■ **WORK TO BE COMPLETED**
Every entry should be repeated exactly. Omit the pictures.

■ **EXERCISE INPUTS**
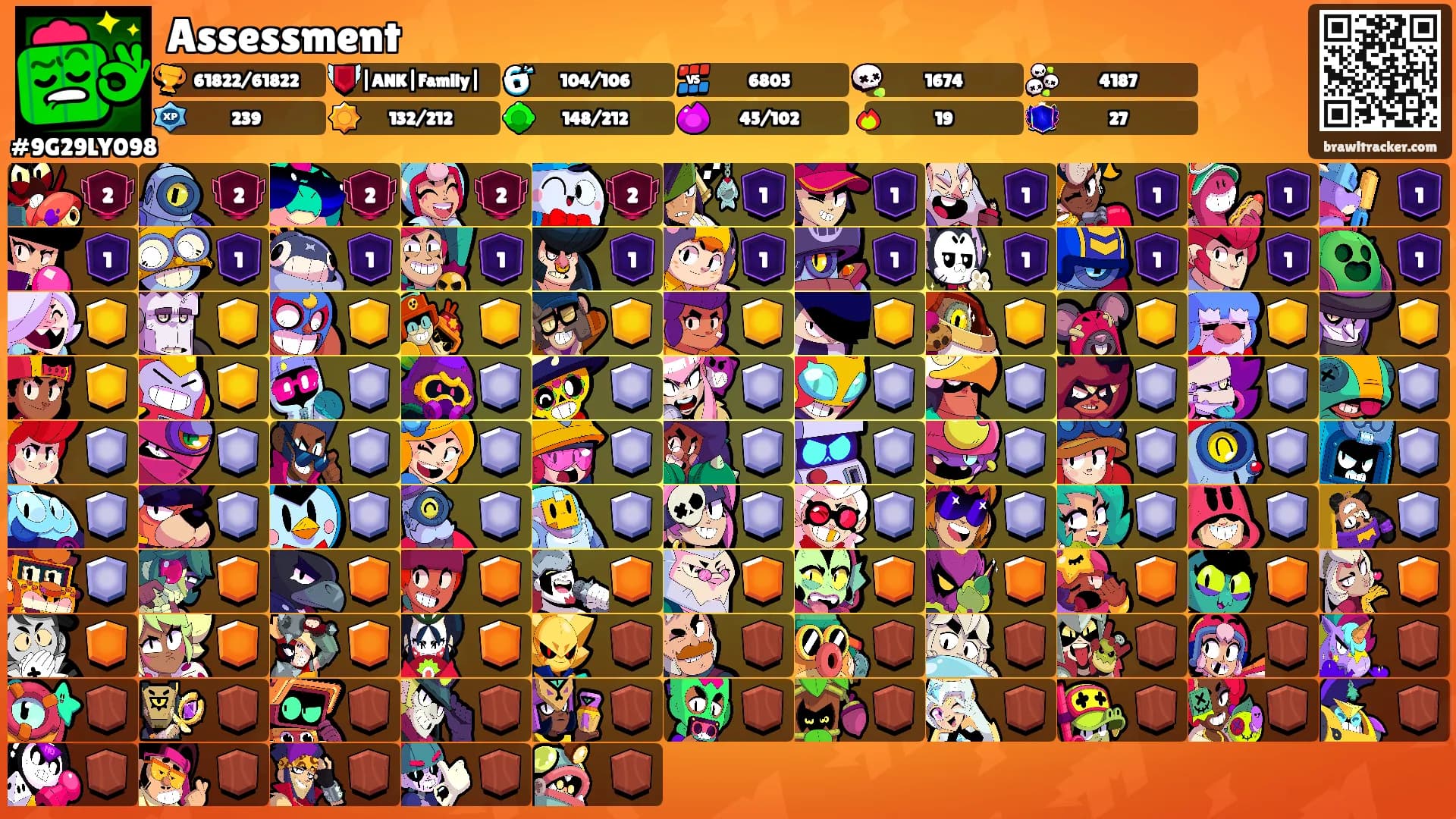 Assessment's Ranks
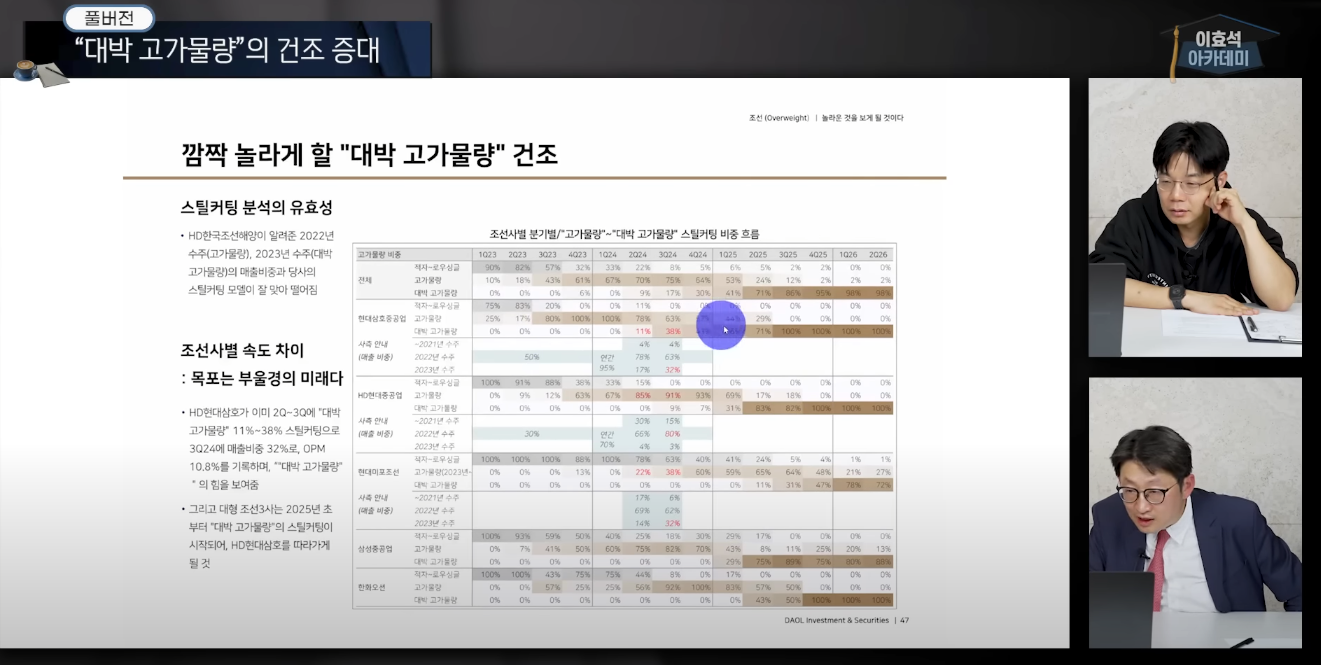 대박 고가물량
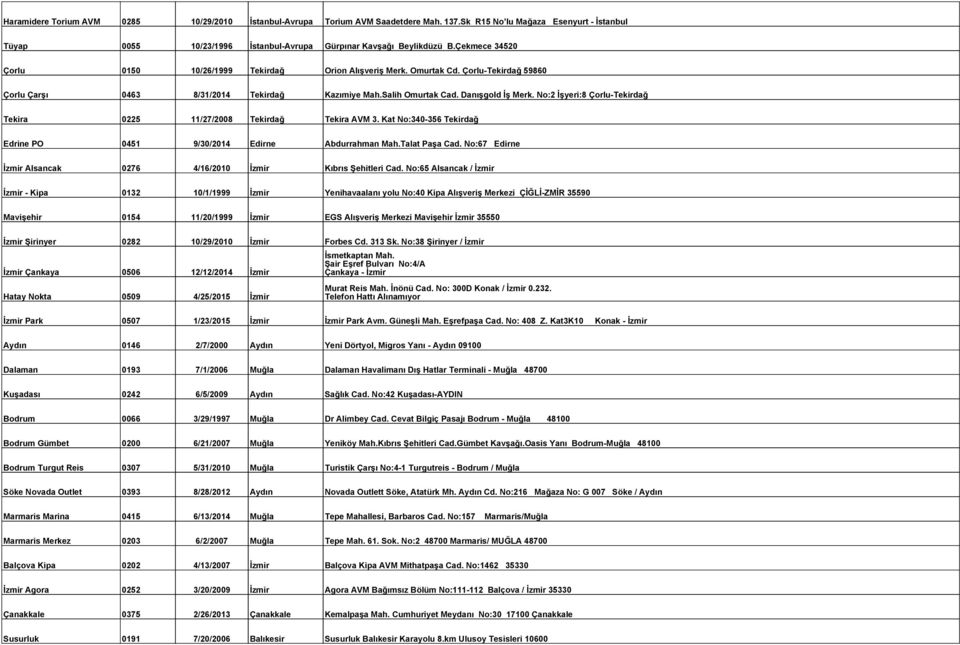No:2 İşyeri:8 Çorlu-Tekirdağ Tekira 0225 11/27/2008 Tekirdağ Tekira AVM 3. Kat No:340-356 Tekirdağ Edrine PO 0451 9/30/2014 Edirne Abdurrahman Mah.Talat Paşa Cad.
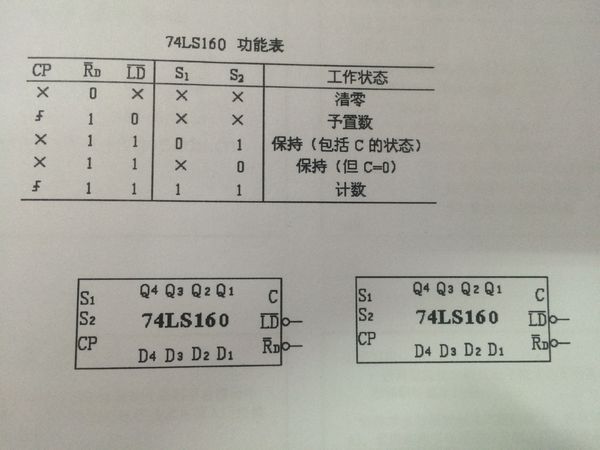 用两片同步十进制计数器74ls160接成二十三进制计数器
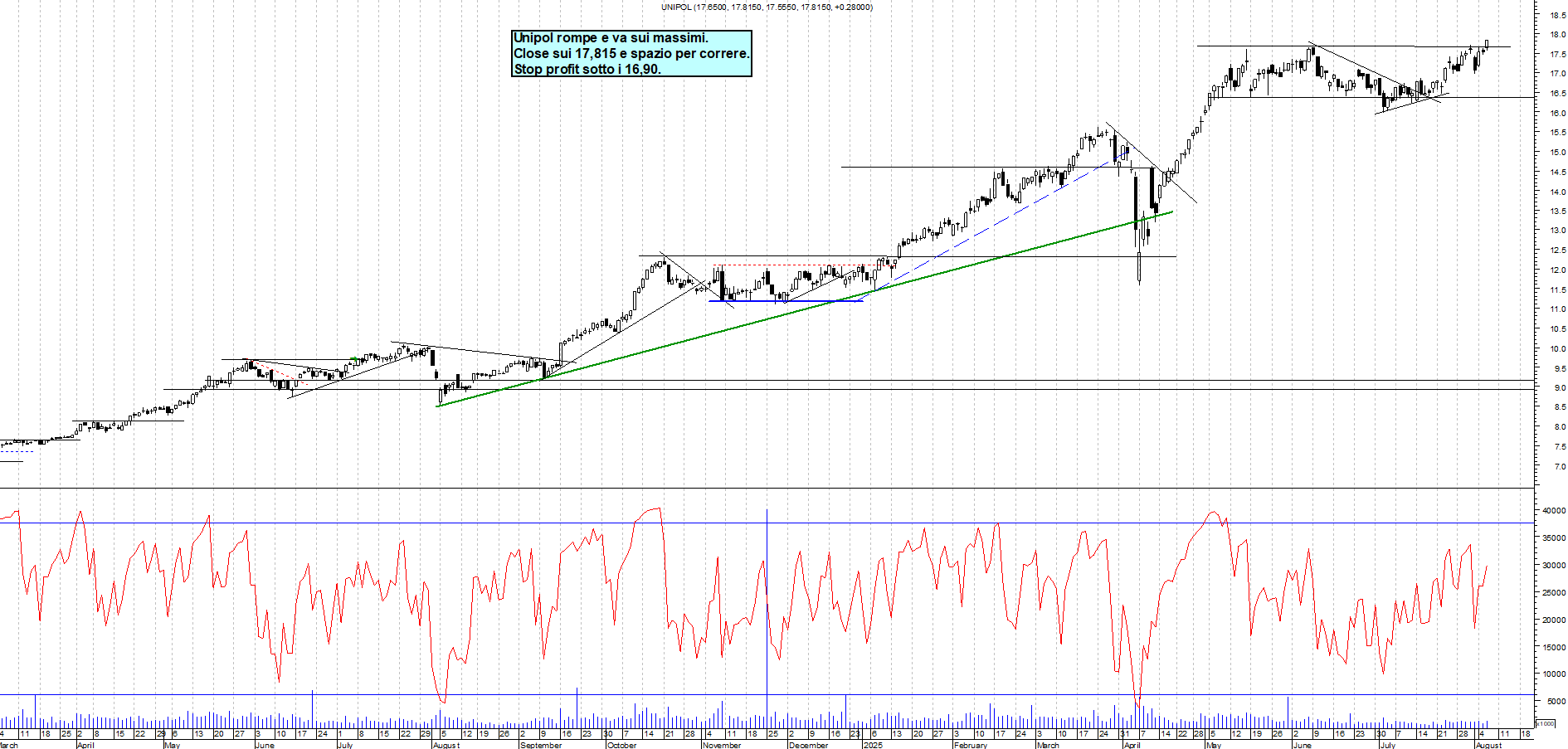 Azioni UNIPOL - Analisi tecnica 18:55 - 6 ago - Grafico Borsa Italiana con segnali real-time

■ **RESPONSE TO THE EXERCISE**
 Assessment's Ranks
 대박 고가물량
No:2 İşyeri:8 Çorlu-Tekirdağ Tekira 0225 11/27/2008 Tekirdağ Tekira AVM 3. Kat No:340-356 Tekirdağ Edrine PO 0451 9/30/2014 Edirne Abdurrahman Mah.Talat Paşa Cad.
 用两片同步十进制计数器74ls160接成二十三进制计数器
 Azioni UNIPOL - Analisi tecnica 18:55 - 6 ago - Grafico Borsa Italiana con segnali real-time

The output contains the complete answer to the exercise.